I’m pleased and surprised at the news that Tim Geithner will be the next Treasury secretary. Pleased because he’s an insightful pragmatist who’s more than qualified to do the job; surprised because I had thought that he might prefer to stay where he is, in what is essentially a tenured and extremely high-powered position at the New York Fed, rather than move to Washington for an uncertain period of time — especially when his former boss, Larry Summers, is likely to have his own senior job at the White House, which will certainly include both some element of policymaking, and having Obama’s ear. That said, Summers and Geithner work well together, so there aren’t likely to be too many tensions between the two.

As for the big end-of-week stock-market rally, I think it’s far too easy to ascribe it to the Geithner news. Stocks have moved around an enormous amount of late in the final hour of trading, especially on a Friday, and a small Geither uptick could easily snowball into a 500-point rally under those conditions. The chances that it will last, and that the bottom of the market will in retrospect be seen to be about 3pm this afternoon, seem slender indeed to me: I’d hazard that there are a few more major corporate failures coming down the pike, and that such events are just as capable of sending markets tumbling as Geithner’s appointment is to send markets spiking.

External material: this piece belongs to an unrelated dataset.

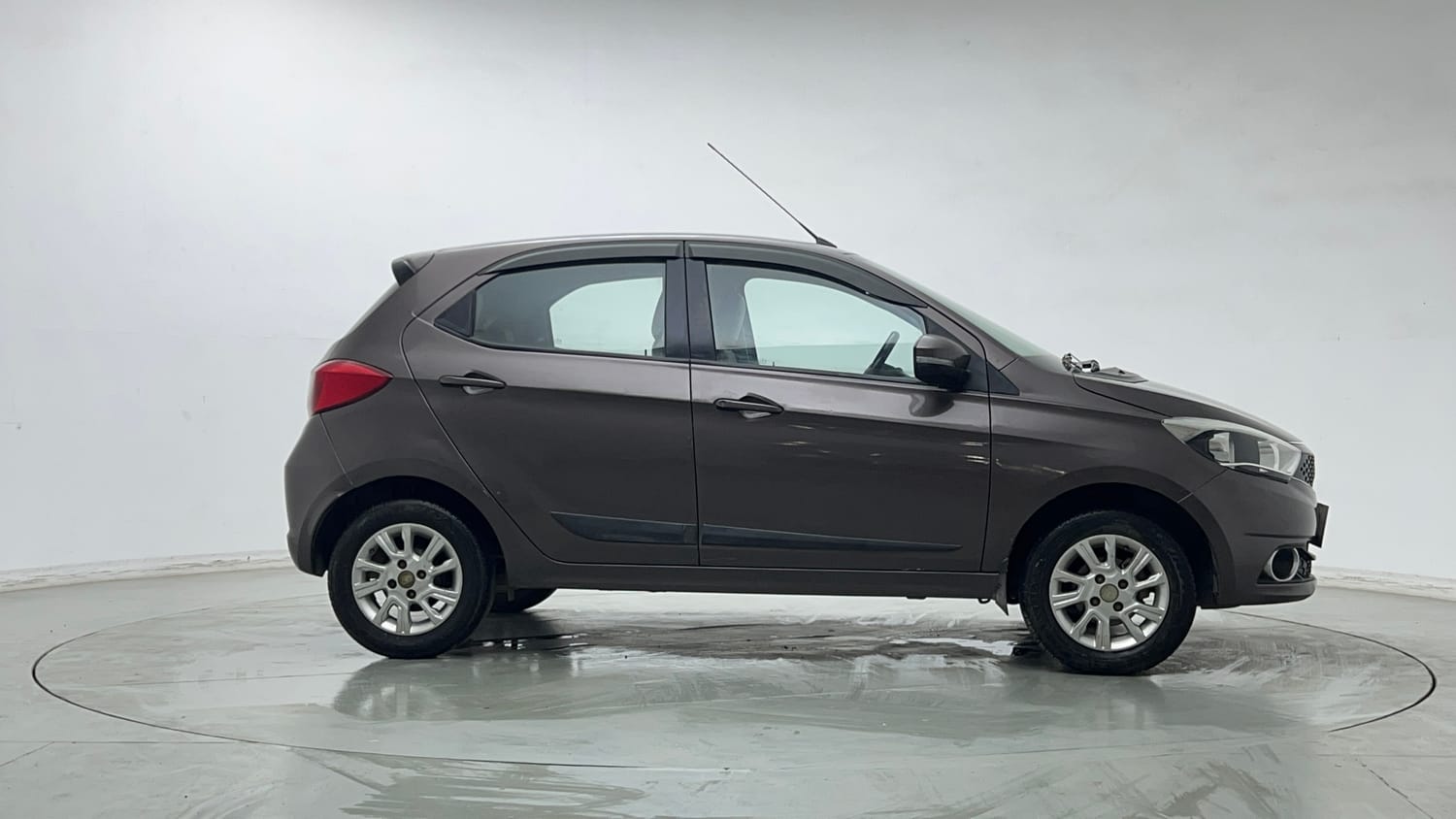 Used 2018 Tata Tiago XZ CNG (Outside Fitted) Cng Manual exterior RIGHT SIDE VIEW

Geithner has been worried about the international regulatory architecture for some time, and his September 2006 speech on the subject looks prescient, even if it concentrated a bit too much on hedge funds and not enough on leverage more generally. At ease in the international policy arena, he is America’s greatest hope for putting together a coherent global financial system which encourages risk-taking without allowing it to get out of control. But before he can do that, he’s going to have a lot of fires to put out, and a major stimulus bill to help draft. I hope he finds a replacement for his New York Fed job sharpish, because he’s going to want a decent amount of time to prepare himself to hit the ground running on January 20.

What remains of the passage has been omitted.